When the prominent banking analyst Meredith Whitney predicts substantial job cuts in the investment banking industry it pays to listen. After all, in 2007 she had correctly predicted that banks would be under severe pressure when she highlighted that Citigroup was under capitalized. As we at Temple Associates work as business as well as recruitment consultants for financial services firms we look at this chilling news from two angles. Naturally we were pleased with the brisk demand for staff that we have seen during the past 6 - 12 months. As business advisers, however,  we were always sceptical about firms that hired staff 'by the dozen' and tried to expand at breakneck speed. Many of the worst perpetrators are no longer with us as their businesses lacked the cohesive culture that would have allowed them to navigate the dry patches that any investment banking business invariably goes through from time to time. More often than not the salaries that were handed out in order to entice experienced professionals to join were higher than necessary and burdened the business with excessive fixed costs.

12 Sept 2010

No one helps Bank analyst Bove in hour of need

We are not able to confirm details in today's New York Times article about the lack of support for Dick Bove. BankAtlantic, a Florida bank, sued him, accusing him of defamation after he wrote a report about the banking industry in July 2008, just as the financial crisis was starting to boil over. The bank contended that the report falsely suggested that the institution was in trouble.
But if his claim that several associations that represent stock analysts or the securities industry declined his requests to help him pay his legal bills it leaves a sour taste in the mouth - to say the least. What use are the Securities Industry and Financial Markets Association, the New York Society of Security Analysts and the CFA Institute if they decline to make a stand for independent investment research.
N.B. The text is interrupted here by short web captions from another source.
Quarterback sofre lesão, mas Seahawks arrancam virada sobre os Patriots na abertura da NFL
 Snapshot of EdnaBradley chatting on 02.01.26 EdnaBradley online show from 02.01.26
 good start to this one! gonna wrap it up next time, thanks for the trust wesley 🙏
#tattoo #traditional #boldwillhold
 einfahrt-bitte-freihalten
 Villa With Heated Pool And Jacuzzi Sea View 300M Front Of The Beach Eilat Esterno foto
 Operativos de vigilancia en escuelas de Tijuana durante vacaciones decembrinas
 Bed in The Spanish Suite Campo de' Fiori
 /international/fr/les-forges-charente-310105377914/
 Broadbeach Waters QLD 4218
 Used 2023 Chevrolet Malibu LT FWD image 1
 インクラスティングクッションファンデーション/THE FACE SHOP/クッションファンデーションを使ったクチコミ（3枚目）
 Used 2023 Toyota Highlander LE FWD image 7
To cap it all, they declined to comment when approached by the New York Times. Even worse - the investment bank Ladenburg Thalmann, his then employer, chose to settle its end of the case by paying BankAtlantic $350,000, without admitting to any wrongdoing, and leaving Mr. Bove to defend himself.  We are glad to report that Bove won his court case against the Bank but is still left with legal bills totalling $800,000. The stakes in a case like this are high as any successful lawsuit against an analyst would deter critical analyst comments in the future and stifle independent research.